Critics compared Miller to the Japanese director Akira Kurosawa but Miller says he did not know who Kurosawa was at the time. When it was shown in the USA, the Australian voices were dubbed into American accents. The sound design by Roger Savage was particularly influential, the tones of different engines being used as a kind of music.
Notes by Paul Byrnes
This clip shows May Swaisey (Sheila Florance) forcing Toecutter (Hugh Keays-Byrne) and his gang into a shed at gunpoint, as Max Rockatansky’s wife Jessie (Joanne Samuel) and child (Brendan Heath) escape. May bolts the gang in and joins Jessie and the baby in the car. They drive off as the gang starts breaking down the shed door, eventually breaking through to get on their motorbikes in pursuit. The car breaks down and May tries to protect Jessie, firing the shotgun at the approaching gang as Jessie, carrying the baby, runs away barefoot down the centre of the long straight road. The gang passes May and the stationary car, leaving her unharmed. A tachometer on one of the bikes revs, Jessie falls, and the final shot is of a child’s shoe tumbling to the road in the wake of the gang, who disappear into the distance as the roar of their engines fade.
Educational value points
- The events in the film’s narrative that are shown in this clip led to the creation of one of Australian cinema’s great antiheroes. The death of his wife and child turn Max (Mel Gibson) into Mad Max. His symbolic loss of innocence, hope and decency leaves Max with revenge as his driving force.

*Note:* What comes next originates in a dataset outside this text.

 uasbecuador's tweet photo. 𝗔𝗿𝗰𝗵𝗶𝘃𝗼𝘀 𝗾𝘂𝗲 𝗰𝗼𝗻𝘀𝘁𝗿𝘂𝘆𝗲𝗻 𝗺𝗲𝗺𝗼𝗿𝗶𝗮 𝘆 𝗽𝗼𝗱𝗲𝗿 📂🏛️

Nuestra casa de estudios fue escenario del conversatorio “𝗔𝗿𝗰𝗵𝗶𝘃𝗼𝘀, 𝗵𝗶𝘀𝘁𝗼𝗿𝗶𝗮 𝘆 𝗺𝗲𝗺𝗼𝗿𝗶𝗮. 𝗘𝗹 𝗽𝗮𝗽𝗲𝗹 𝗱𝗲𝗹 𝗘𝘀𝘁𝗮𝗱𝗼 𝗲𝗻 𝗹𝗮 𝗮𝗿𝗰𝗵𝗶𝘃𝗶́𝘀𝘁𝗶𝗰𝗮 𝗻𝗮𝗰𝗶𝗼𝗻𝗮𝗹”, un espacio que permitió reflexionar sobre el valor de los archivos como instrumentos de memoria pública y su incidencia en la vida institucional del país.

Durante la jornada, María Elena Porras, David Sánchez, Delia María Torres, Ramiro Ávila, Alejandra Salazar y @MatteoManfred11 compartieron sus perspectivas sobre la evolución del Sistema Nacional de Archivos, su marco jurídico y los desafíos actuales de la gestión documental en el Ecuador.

- The clip contains one of the key scenes and most agonising moments in the film. The image of Jessie running down the road has been carefully constructed to intensify the vulnerability of humans in a post-apocalyptic, machine-worshipping age of reckless speed and disregard for life, exemplified by the gang.

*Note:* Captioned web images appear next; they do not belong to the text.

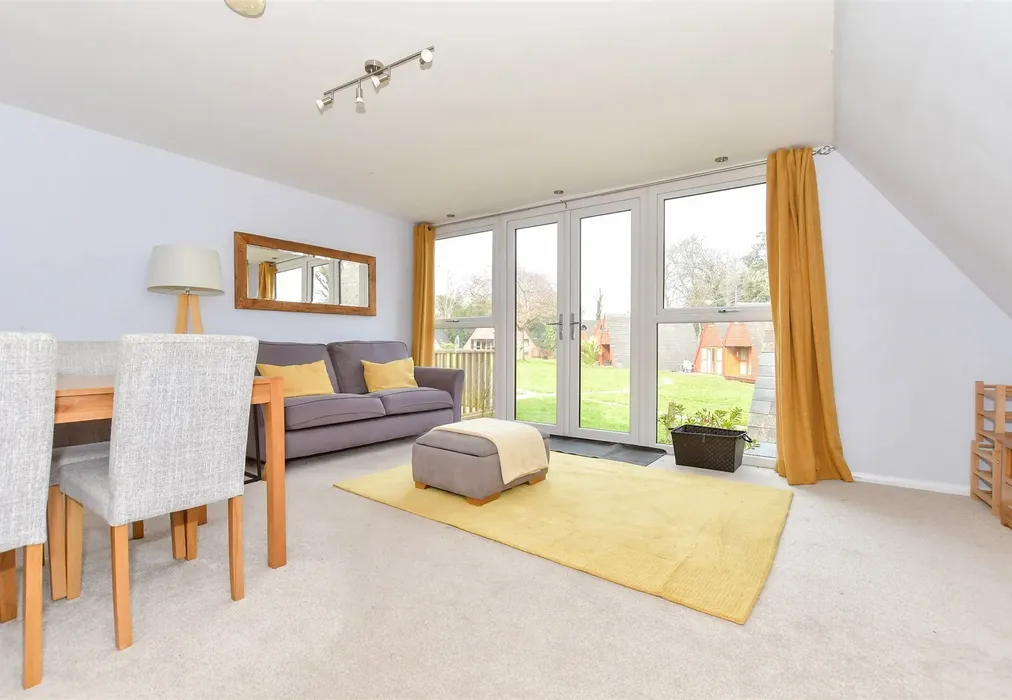 Lounge/Diner - Upper Street, Kingsdown, Deal, Kent - Wards of Kent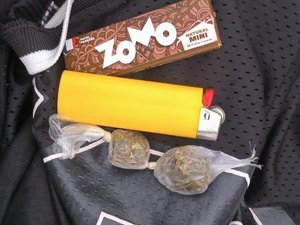 Agentes do Ronda no Bairro flagram uso de drogas no Marco dos Corais, em Maceió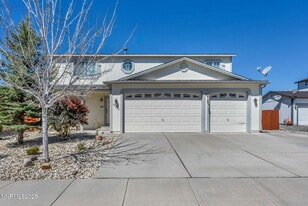 17391 Crystal Canyon Blvd in Reno, NV - Building Photo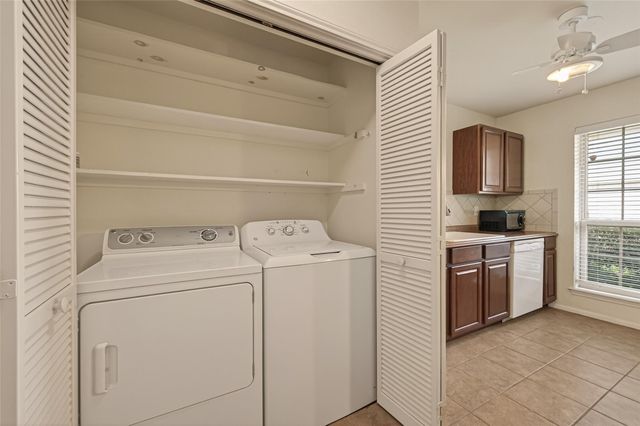 5813 Doliver Drive 72, Houston, TX 77057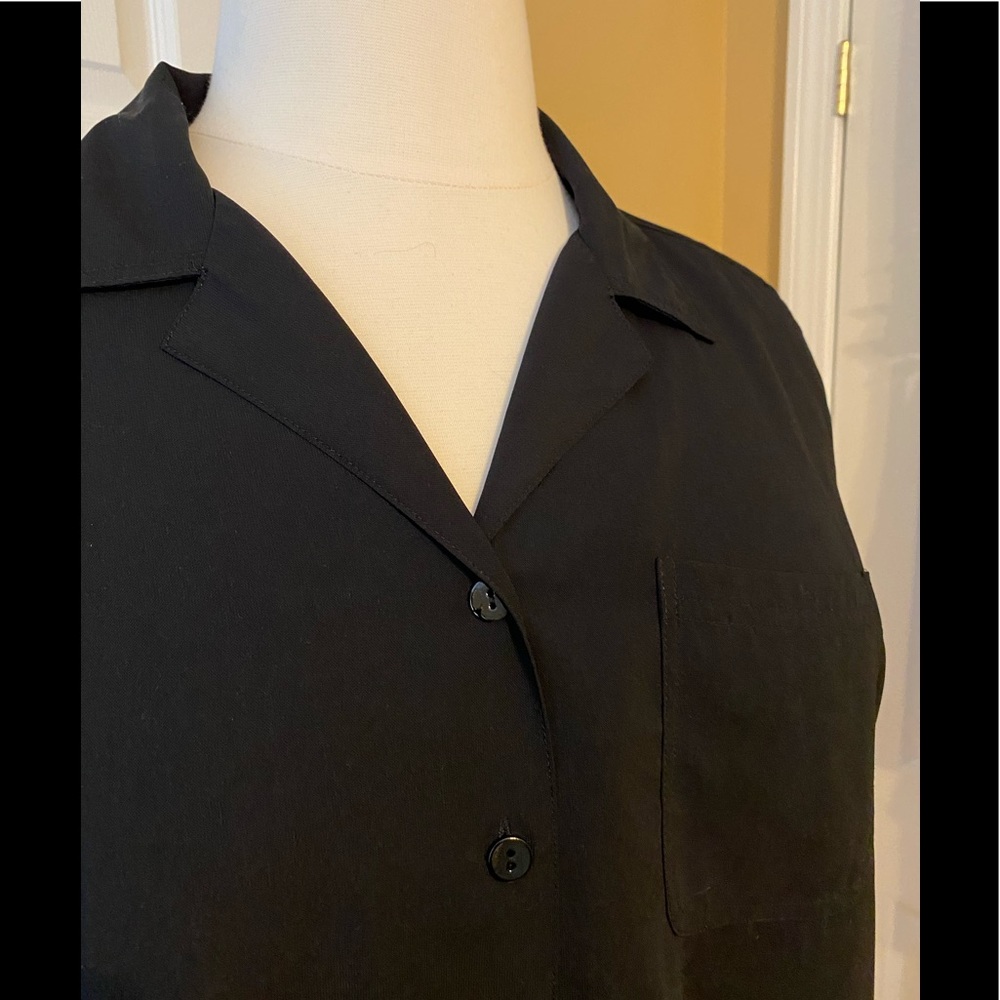 Susan Graver Black Button-down Blouse. Size 1X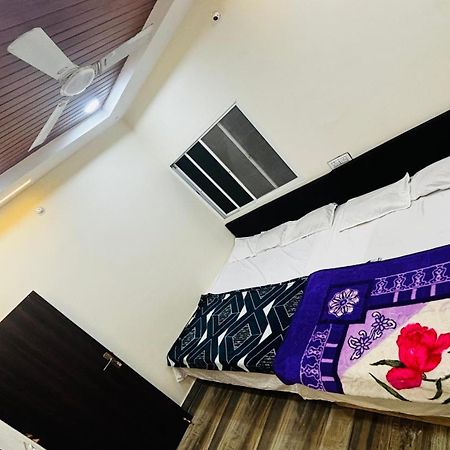Hotel Shreenidhi Comfort Stay Ujjain Luaran gambar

- Director George Miller’s (1945–) skill in creating suspense is clearly demonstrated. The editing, sound, choice of perspective and low-angle shots encourage the audience to experience the approaching gang as a menace. Miller’s ability to horrify the audience while not actually showing explicit violence is masterfully evidenced here when the tiny shoe tumbling across the road suggests the actual impact.
- Mad Max incorporates elements from a range of genres. In this instance, the scenes have many of the hallmarks of a horror film, including the style of editing, the use of sound, the ways tension and dread are created and the use of narrative set pieces such as the escape of potential murderers from flimsy confinement, the near getaway and the car that breaks down.

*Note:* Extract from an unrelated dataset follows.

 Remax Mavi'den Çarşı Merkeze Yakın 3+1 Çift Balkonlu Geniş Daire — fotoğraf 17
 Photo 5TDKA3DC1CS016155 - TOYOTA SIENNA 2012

- Women are positioned within the film in traditional and archetypal roles. Characters include the mother and child and the ancient crone. These are figures of heightened vulnerability and have biblical or folk antecedents, which increases their emotional resonance for the audience.
- The clip provides a convincing rationale for the international success of Mad Max. The intense horror and suspense of these scenes exemplify the grip Miller was able to maintain on his audience. Despite being made on a very low budget and disastrously dubbed for distribution in the USA, the film achieved cult status, ultimately made an enormous impression worldwide and is viewed as a major development in action filmmaking. Miller has continued to work widely in the industry as both a director and a producer, with his directorial work including Mad Max 2 (1981), Mad Max Beyond Thunderdome (1985) and Mad Max: Fury Road (2015).
- Mel Gibson (1956–) is shown in the role that catapulted him to international fame. he went on to even greater success as a result of his participation in the second film in the series, Mad Max 2 (1981), and further action films such as the Lethal Weapon series.